Of course Israel also compounded suspicions by keeping the media away as well. It seems that Israel's lawyers also suspected that no matter how much they tried to stack Annan's mission, circumscribe its mandate, restrict access to witnesses, and otherwise try to shape its findings, there was an overwhelming probability that the Israel Defense Force's actions would be found in violation of international law, with uncertain consequences.
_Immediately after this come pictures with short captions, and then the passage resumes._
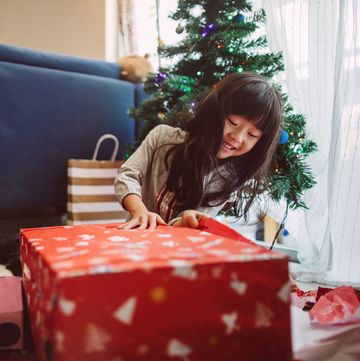 lovely little girl opening christmas presents at home joyfully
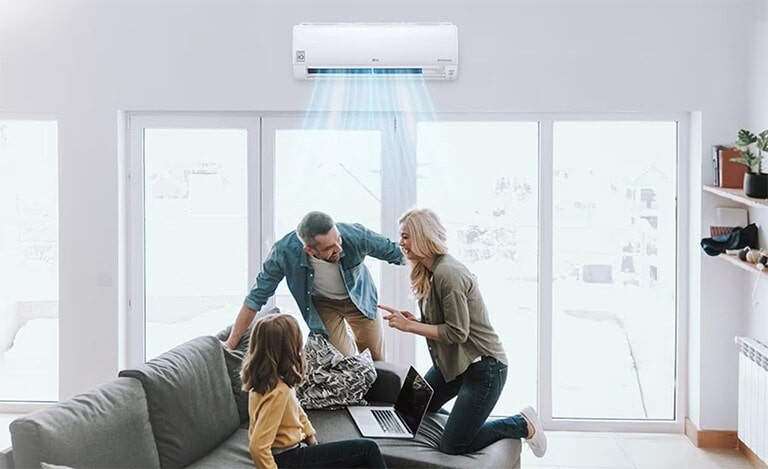 Installés dans leur salon, tous les membres d’une famille sont heureux de profiter de la ventilation fraîche de leur climatiseur.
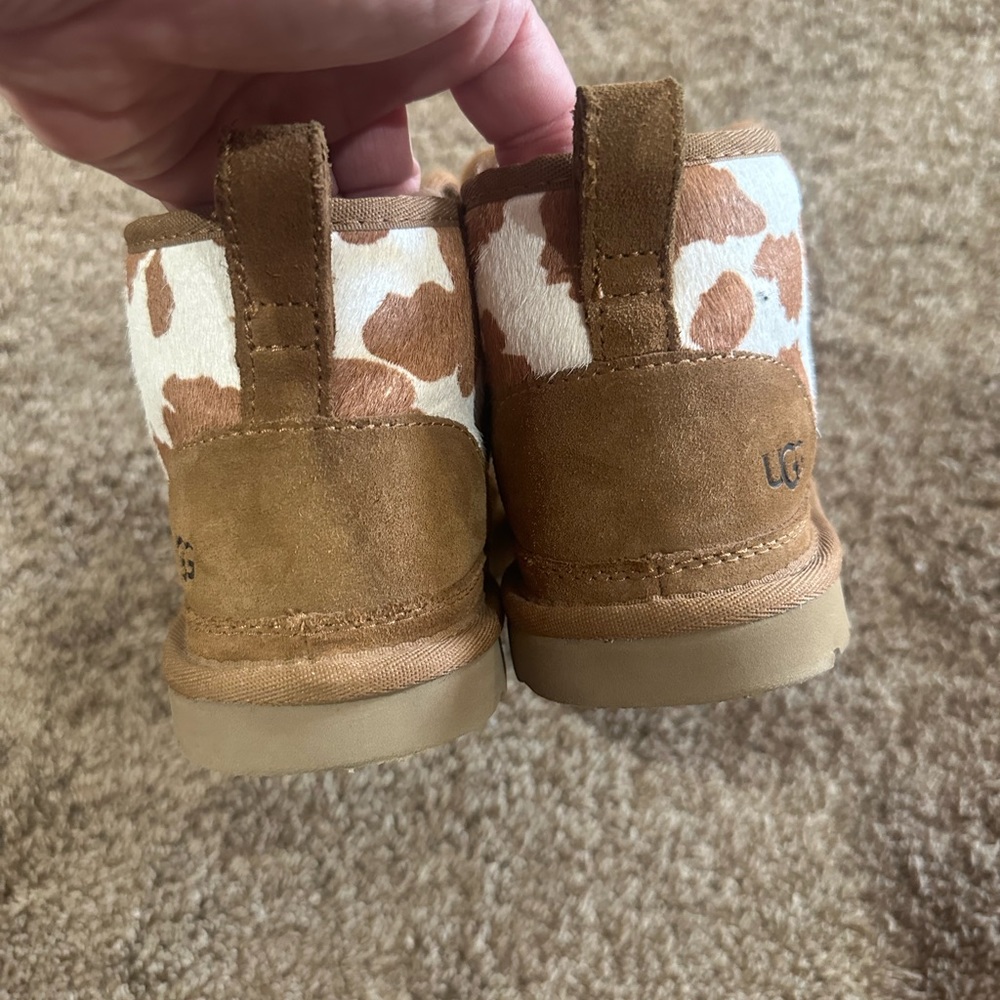 UGG cow print bootie. WOMEN SIZE 5 runs bigger to a 6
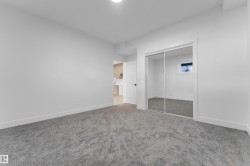 Spacious room featuring gray carpet flooring and white painted walls - 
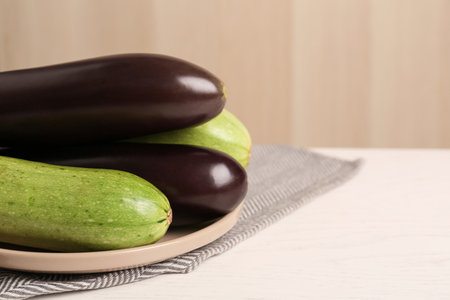 Fresh eggplants and zucchinis on white wooden table, closeup. Space for textの写真素材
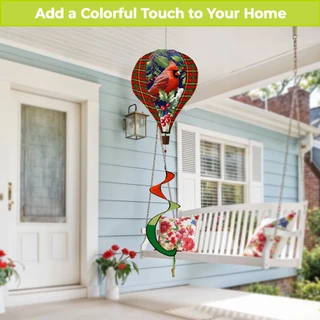 Cardinal and Holly Hot Air Balloon Spinner with red bird, flowers, and plaid pattern hanging outdoors.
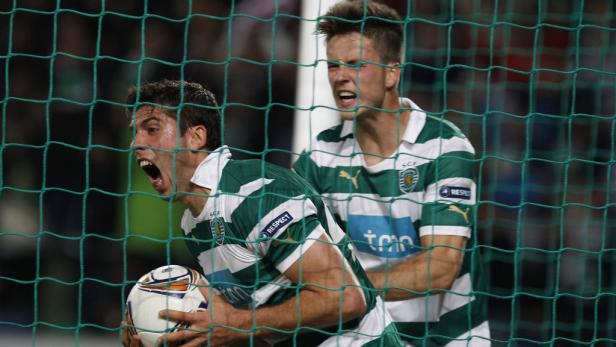 Zwei Fußballspieler in grün-weiß gestreiften Trikots jubeln hinter einem Netz.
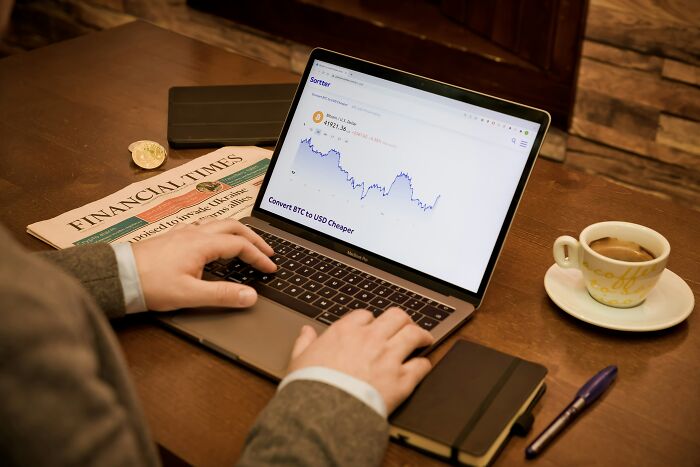 Person analyzing financial data on a laptop, with a Financial Times newspaper and coffee, reflecting financial stereotypes.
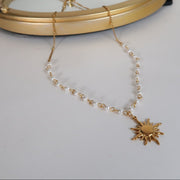 Gold necklace with a sun pendant on a white surface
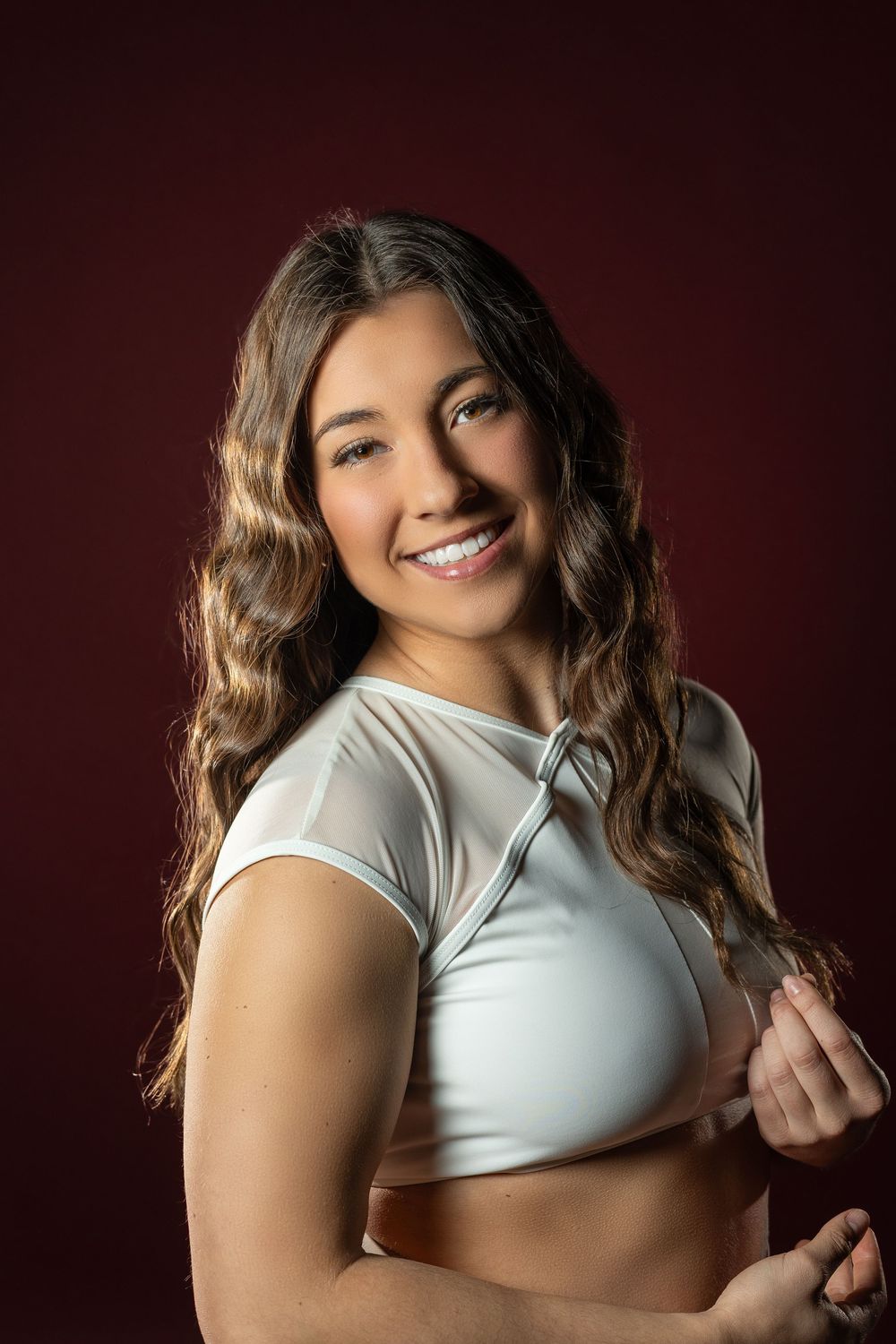 A series of professional boudoir photographs featuring a person in a white top against a dark background.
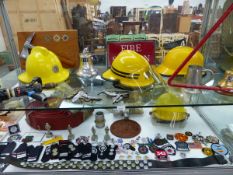 AN EXTENSIVE AND VARIED COLLECTION OF UK FIRE SERVICE RELATED ITEMS INCLUDING HELMETS, HOSES,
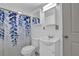 Bathroom features a shower with a blue leaf shower curtain, toilet and sink with vanity at 5830 Wills Wood Cir, Cumming, GA 30040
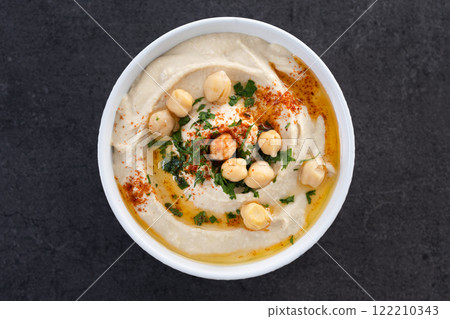 Chickpea hummus with olive oil, parsley and paprika in bowl on black background 122210343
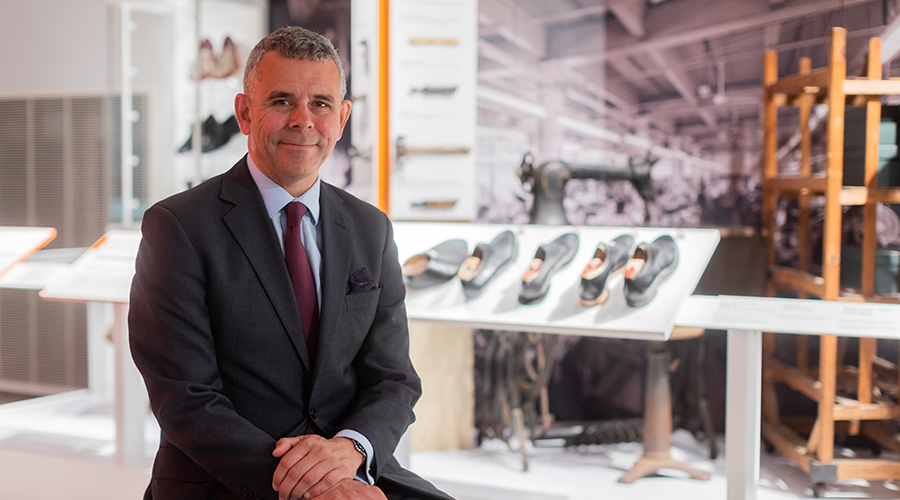 Lawyer standing in front of shoes business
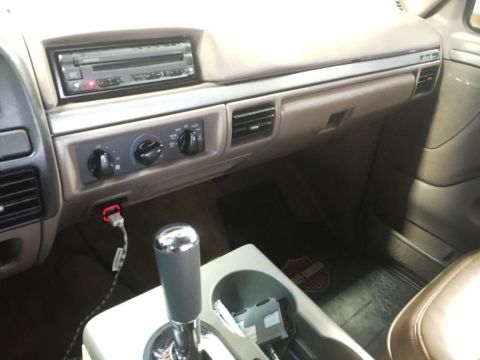 1996 Ford Bronco - The interior of a vehicle is shown, focusing on the dashboard and center console area.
But by shamelessly stonewalling the U.N., Israel has convinced much of the world that there may even be truth in the charges of a massacre. This is why Powell and others insisted that the U.N. mission could actually help Israel in the court of public opinion, which is not inclined to give Israel the benefit of the doubt. It's still possible that Israel's hardball moves will backfire and that the proposed fact-finding mission may yet be replaced by a more rigorous investigation, whether inside or outside the territories, which could come to more substantial and damaging conclusions.